Hi Finn,
Am 03.08.2018 um 14:56 schrieb Finn Thain:
On Thu, 2 Aug 2018, Michael Schmitz wrote:
This redundant load of the ICR has been in the driver code for a long
time. There's a small chance it is intentional,
Actually, it is intentional.
I had a hunch it might be ...
so at least minimal testing might be in order.
Minimal testing is almost useless if you are trying to prove the absence
of race conditions.
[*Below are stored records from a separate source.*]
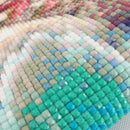 Color Dragon Head Diamond Painting Diy 5D Full Diamond Embroidery Square Rh R4P7
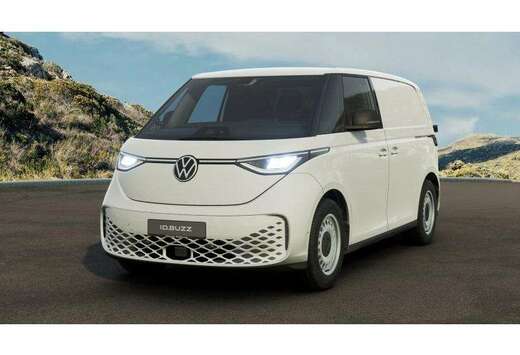Volkswagen Cargo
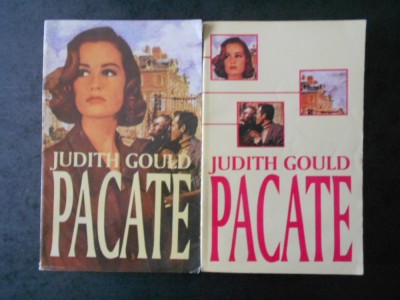 JUDITH GOULD - PACATE 2 volume foto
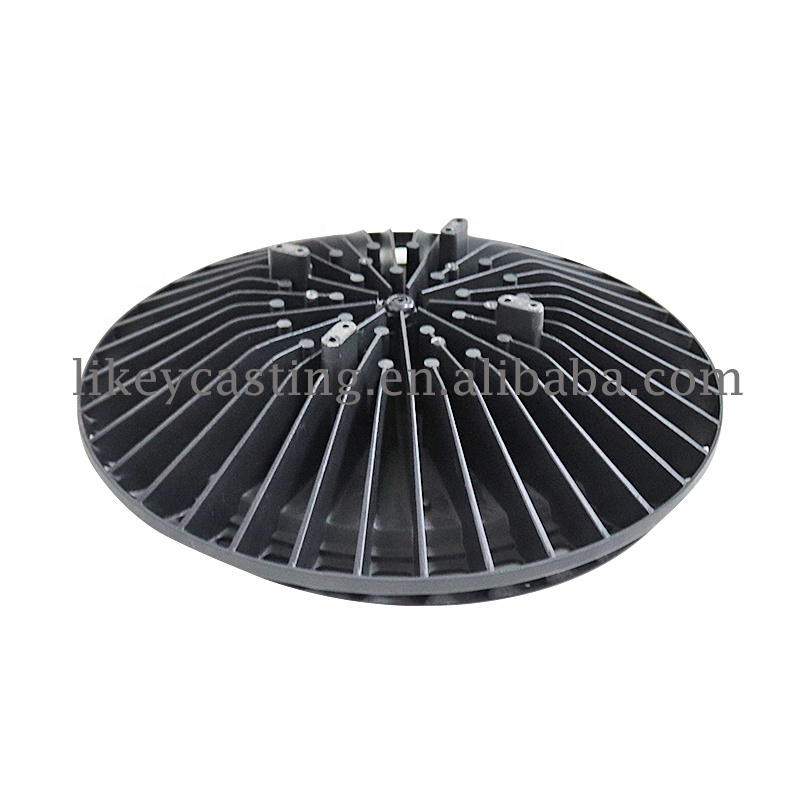 15 éves gyári OEM Design alumínium világítás extrudálás és öntvény termék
SCSI arbitration is a race between targets by design;
so a race between the CPU and the 5380 is going to be hard to observe.
Agreed - I was clearly being too subtle.
Finn - does the ICR_ARBITRATION_LOST bit have to be cleared by a write
to the mode register?
Something like that: the write to the mode register does clear the
ICR_ARBITRATION_LOST bit, because it clears the MR_ARBITRATE bit.
Yes, but is that the only way the bit can get cleared? Or could the
first read see the bit set, and the second read (after checking the bus
data pattern for a higher arbitrating ID) see it cleared? I.e., is that
bit latched, or does it just reflect current bus status (same as the
data register)? (I haven't got the datasheet in front of me, so I'm
guessing here.)
In that case, the first load would have been redundant and can be
omitted without changing driver behaviour?
This code is a faithful rendition of the arbitration flow chart in the
datasheet, so even if you are right, I wouldn't want to change the code.
I think that's a pretty clear hint that the 'arbitration lost' condition
isn't latched. Anyway, we have no hope to demonstrate by testing that
this patch (or my suggested alternative) does not change driver
behaviour. No choice but to leave this as-is.